What you give back should be exactly the opening lines of the data, ending with the line that contains "iPhone12 128GB �֥롼" and including it.

RECORDS SUPPLIED —
□ □ □ □

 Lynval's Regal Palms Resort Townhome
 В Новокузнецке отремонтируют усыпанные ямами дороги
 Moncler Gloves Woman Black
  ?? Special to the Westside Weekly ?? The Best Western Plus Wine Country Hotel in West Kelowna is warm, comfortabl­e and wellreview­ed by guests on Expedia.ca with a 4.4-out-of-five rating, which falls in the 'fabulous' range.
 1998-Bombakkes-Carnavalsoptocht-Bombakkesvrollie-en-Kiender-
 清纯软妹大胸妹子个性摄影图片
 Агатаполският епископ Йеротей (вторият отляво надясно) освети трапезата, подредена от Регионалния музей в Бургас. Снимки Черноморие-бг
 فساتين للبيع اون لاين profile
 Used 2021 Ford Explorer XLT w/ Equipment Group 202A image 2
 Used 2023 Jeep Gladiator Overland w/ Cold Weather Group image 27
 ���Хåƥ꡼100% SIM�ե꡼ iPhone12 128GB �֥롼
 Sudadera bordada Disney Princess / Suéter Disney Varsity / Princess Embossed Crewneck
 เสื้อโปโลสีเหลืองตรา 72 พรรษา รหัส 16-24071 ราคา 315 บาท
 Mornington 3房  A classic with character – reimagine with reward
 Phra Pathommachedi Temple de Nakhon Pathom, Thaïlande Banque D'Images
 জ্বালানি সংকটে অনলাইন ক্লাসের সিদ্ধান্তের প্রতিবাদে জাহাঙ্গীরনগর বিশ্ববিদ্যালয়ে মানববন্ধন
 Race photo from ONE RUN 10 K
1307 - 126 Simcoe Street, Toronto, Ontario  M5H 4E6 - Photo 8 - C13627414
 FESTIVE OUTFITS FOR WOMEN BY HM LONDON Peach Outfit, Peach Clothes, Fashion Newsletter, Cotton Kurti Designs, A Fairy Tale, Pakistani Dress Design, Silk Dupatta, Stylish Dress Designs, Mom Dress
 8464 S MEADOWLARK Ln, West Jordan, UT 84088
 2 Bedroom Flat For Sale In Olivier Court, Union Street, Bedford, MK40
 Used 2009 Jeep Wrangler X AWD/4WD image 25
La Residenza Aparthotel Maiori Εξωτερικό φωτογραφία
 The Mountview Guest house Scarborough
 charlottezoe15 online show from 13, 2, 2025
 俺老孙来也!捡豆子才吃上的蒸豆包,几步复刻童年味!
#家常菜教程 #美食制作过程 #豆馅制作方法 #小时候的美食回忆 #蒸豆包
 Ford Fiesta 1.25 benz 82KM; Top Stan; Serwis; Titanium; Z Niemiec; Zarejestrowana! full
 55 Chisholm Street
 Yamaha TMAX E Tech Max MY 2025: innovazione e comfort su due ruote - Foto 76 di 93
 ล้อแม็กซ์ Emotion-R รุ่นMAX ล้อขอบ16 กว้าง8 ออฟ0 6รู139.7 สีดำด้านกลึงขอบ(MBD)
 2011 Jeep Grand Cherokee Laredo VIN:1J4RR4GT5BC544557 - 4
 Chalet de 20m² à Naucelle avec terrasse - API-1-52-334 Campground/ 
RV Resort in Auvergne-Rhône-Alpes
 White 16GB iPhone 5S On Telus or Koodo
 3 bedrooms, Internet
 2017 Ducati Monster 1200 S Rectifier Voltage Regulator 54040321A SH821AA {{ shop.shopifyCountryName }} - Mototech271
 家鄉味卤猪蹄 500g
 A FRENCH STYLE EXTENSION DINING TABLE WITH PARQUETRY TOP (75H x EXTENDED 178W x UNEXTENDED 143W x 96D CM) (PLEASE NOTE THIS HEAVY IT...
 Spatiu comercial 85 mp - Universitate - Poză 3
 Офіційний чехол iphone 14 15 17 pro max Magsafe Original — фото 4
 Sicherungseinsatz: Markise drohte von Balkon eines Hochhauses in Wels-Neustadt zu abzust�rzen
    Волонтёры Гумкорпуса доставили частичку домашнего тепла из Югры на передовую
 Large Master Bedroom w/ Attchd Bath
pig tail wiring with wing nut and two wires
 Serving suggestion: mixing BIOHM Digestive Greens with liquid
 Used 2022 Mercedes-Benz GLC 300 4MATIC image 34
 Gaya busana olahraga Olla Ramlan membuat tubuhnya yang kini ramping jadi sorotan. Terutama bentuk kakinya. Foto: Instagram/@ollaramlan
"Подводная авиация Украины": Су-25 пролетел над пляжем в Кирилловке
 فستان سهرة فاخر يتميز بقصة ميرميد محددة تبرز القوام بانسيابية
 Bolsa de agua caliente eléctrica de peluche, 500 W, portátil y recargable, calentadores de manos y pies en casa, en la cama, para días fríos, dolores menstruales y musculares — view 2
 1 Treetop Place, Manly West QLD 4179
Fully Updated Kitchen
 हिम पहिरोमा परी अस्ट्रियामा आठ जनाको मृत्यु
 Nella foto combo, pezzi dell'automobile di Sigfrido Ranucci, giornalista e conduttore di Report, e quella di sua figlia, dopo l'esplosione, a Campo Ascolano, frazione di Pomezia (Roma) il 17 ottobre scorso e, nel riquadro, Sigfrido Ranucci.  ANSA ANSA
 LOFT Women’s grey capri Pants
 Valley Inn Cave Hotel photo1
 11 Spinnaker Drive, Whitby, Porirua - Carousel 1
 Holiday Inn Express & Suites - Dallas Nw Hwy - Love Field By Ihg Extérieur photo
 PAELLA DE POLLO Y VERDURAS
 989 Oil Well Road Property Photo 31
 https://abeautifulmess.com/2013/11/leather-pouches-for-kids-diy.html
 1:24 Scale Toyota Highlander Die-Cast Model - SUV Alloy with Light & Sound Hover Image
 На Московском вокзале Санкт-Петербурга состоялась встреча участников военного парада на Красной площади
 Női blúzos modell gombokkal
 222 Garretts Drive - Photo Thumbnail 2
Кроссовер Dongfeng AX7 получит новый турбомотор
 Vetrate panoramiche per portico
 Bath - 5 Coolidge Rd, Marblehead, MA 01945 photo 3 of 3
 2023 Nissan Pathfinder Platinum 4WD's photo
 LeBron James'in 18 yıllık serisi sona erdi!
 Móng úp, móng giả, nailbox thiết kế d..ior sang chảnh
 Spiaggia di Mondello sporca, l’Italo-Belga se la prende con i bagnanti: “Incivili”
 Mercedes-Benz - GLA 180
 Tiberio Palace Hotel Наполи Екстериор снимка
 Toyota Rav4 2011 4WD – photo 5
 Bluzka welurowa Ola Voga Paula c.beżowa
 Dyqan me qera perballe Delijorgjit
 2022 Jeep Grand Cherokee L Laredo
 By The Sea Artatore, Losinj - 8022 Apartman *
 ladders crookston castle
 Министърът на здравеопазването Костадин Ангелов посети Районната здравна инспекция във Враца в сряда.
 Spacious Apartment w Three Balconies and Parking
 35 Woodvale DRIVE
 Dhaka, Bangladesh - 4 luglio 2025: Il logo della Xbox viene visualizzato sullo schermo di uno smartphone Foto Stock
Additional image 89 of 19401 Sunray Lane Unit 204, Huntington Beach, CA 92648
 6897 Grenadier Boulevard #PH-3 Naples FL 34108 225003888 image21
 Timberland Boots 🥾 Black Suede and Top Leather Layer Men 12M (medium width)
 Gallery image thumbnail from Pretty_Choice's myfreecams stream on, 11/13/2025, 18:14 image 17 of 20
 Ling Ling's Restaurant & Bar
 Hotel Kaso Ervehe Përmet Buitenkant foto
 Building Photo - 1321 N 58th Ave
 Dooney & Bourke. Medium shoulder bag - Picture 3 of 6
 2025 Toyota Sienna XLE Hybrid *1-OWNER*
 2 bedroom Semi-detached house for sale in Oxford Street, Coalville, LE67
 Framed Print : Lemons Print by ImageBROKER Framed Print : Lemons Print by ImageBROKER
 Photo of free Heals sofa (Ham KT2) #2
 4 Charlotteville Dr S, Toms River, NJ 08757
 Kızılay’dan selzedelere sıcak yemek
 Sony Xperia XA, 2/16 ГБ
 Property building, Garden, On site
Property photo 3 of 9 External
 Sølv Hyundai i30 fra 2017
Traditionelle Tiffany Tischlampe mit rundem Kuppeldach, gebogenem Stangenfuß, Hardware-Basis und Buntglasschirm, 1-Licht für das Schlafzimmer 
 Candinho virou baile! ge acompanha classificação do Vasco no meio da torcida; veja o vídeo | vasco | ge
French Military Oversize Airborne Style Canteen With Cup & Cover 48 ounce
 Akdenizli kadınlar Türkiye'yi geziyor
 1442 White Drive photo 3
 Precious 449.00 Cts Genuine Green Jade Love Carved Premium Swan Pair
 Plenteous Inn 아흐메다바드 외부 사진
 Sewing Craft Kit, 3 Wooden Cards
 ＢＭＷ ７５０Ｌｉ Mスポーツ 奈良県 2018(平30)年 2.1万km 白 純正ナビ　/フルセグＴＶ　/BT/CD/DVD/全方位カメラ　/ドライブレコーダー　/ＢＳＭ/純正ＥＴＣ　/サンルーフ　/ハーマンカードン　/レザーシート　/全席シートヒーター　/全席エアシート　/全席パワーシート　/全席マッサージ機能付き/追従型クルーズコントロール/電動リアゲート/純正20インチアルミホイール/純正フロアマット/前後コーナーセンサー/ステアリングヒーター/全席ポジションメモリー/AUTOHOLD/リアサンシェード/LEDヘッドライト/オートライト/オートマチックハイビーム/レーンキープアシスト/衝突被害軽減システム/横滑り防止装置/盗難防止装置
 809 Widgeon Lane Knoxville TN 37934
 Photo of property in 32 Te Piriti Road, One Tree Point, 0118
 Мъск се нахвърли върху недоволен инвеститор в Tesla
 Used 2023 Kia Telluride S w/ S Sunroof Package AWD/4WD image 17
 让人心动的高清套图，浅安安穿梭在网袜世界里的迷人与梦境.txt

□ □ □ □

OUTPUT OF THE TASK —
 Lynval's Regal Palms Resort Townhome
 В Новокузнецке отремонтируют усыпанные ямами дороги
 Moncler Gloves Woman Black
  ?? Special to the Westside Weekly ?? The Best Western Plus Wine Country Hotel in West Kelowna is warm, comfortabl­e and wellreview­ed by guests on Expedia.ca with a 4.4-out-of-five rating, which falls in the 'fabulous' range.
 1998-Bombakkes-Carnavalsoptocht-Bombakkesvrollie-en-Kiender-
 清纯软妹大胸妹子个性摄影图片
 Агатаполският епископ Йеротей (вторият отляво надясно) освети трапезата, подредена от Регионалния музей в Бургас. Снимки Черноморие-бг
 فساتين للبيع اون لاين profile
 Used 2021 Ford Explorer XLT w/ Equipment Group 202A image 2
 Used 2023 Jeep Gladiator Overland w/ Cold Weather Group image 27
 ���Хåƥ꡼100% SIM�ե꡼ iPhone12 128GB �֥롼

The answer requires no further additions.